The general anti-abuse rule (GAAR) is HMRC’s nuclear option for counteracting tax avoidance transactions. By increasing the penalty level to 60% for all cases counteracted by GAAR and budgeting to collect £65m in penalties over a five year period, this is a clear statement of intent that the GAAR will be used.
Government fundamentally believes that aggressive tax avoidance and non-disclosed tax evasion are morally unacceptable and we wholly endorse that approach
HMRC also have “serial tax avoiders” very firmly in their sights. Sanctions will include special reporting requirements, surcharges and publishing of participant’s names where avoidance schemes are defeated.
Legislation will be introduced to encourage voluntary compliance for the highest risk large businesses, including a requirement for those businesses to publish their tax strategies and special measures to tackle those that persistently engage in aggressive tax planning.
Focus was placed yet again on stamp taxes. Aside from a niche measure to prevent stamp duty reserve tax (SDRT) avoidance involving DIMOs (deep in the money options), the government have followed up on their announcement from the summer Budget to raise revenue from private landlords with a new SDLT charge for "additional properties". A SDLT take of over £0.6bn is projected for 2016/17 from this new measure. The SDLT on a purchase of a £500,000 house caught by this change will rise from £15,000 to £28,800. Exceptions are anticipated for significant investments by corporates or funds, and a consultation exercise is expected to take place from early 2016.

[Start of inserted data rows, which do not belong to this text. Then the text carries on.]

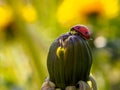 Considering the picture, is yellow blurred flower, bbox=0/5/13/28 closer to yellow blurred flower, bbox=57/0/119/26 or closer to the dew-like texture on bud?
yellow blurred flower, bbox=57/0/119/26

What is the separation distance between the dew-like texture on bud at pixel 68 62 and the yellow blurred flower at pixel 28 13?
65.6 inches

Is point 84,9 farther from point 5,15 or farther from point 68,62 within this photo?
point 68,62

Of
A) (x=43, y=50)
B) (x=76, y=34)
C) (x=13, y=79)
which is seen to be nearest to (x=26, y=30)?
(x=43, y=50)

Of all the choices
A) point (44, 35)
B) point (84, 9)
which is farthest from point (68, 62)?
point (44, 35)

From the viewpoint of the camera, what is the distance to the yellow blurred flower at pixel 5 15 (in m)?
2.90

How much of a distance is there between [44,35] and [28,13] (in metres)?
0.17

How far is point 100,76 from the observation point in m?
2.67

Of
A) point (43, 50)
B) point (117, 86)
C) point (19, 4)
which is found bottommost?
point (117, 86)

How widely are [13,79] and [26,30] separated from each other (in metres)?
0.41

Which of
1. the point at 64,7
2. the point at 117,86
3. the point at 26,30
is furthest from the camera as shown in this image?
the point at 64,7

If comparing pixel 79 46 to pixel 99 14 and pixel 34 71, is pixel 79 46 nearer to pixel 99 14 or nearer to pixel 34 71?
pixel 34 71

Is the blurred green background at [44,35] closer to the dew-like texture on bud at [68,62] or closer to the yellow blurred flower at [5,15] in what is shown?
the yellow blurred flower at [5,15]

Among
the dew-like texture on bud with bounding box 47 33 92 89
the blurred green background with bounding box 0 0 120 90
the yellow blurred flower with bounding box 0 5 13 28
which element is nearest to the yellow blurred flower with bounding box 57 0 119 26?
the blurred green background with bounding box 0 0 120 90

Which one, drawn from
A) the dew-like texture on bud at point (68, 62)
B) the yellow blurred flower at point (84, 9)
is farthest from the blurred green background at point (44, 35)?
the dew-like texture on bud at point (68, 62) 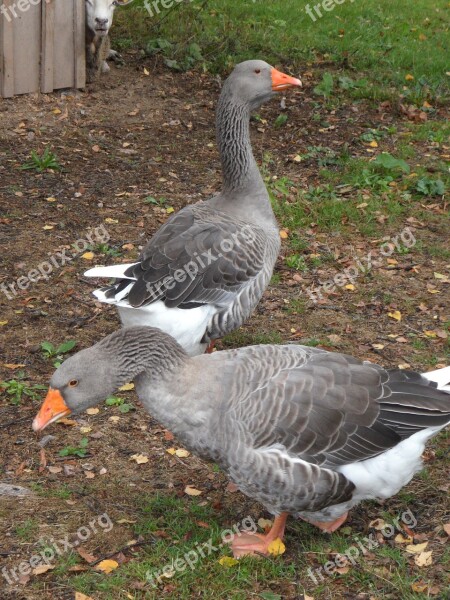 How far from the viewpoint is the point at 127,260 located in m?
7.30

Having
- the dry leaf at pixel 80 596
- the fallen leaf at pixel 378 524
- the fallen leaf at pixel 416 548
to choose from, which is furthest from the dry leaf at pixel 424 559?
the dry leaf at pixel 80 596

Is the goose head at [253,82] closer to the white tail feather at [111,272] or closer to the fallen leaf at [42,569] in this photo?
the white tail feather at [111,272]

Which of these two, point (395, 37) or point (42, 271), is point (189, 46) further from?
point (42, 271)

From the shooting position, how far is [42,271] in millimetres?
7086

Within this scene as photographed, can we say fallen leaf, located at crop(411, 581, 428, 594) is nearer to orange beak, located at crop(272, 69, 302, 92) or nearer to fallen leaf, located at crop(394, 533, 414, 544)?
fallen leaf, located at crop(394, 533, 414, 544)

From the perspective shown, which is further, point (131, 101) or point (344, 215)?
point (131, 101)

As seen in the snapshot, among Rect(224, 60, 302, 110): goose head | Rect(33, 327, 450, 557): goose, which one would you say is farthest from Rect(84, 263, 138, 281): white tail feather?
Rect(224, 60, 302, 110): goose head

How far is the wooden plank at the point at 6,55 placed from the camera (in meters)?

Acceleration of tax payments is another feature – with proposals to introduce SDLT payments within 14 days of a chargeable land transaction and capital gains tax within 30 days of a disposal of residential property.
Legislation will be introduced to further tackle offshore evasion. At its heart, the package of measures should help deter evaders, encourage disclosures to correct past omissions and encourage future compliance.
A new and additional criminal offence will be available to HMRC in serious cases of failing to declare offshore income and gains, but importantly there is no requirement for HMRC to prove intent. New civil sanctions being legislated include an additional penalty corresponding to the value of previously undeclared assets and reduced criteria to increase the volume of publicly named tax evaders.
Third parties enabling offshore evasion will now also face civil penalties and similarly be subject to the naming and shaming program. Specifically, a new criminal offence for corporates will apply to those that fail to prevent their agents from criminally facilitating tax evasion, shifting the focus away from board level.
HMRC's forthcoming 'last chance' voluntary disclosure opportunity is more punitive than previous regimes. The new opportunity has a fixed 30% penalty and importantly no immediate immunity from criminal prosecution. While many consider the initiative unattractive, this should be viewed in the knowledge that a consultation will also be launched in 2016 to design a completely new statutory requirement for evaders to voluntarily disclose past non-compliance, including deterrent penalty levels. The idea is to encourage the uptake of the new disclosure opportunity whilst further strengthening HMRC's array of future sanctions for the hardened minority who fail to disclose.
HMRC has also published 'call for evidence' to seek external stakeholders' views about the hidden economy and in particular the implications of decreasing cash transactions/increased digital transactions and how this will impact on future compliance activity.
The government fundamentally believes that aggressive tax avoidance and non-disclosed tax evasion are morally unacceptable and we wholly endorse that approach. However, this has to be balanced with the fact that there are numerous state approved tax incentive schemes to stimulate business growth and entrepreneurialism. It is the ‘grey areas’ between these two philosophies where the most interesting developments and exchanges between business customers and HMRC will occur.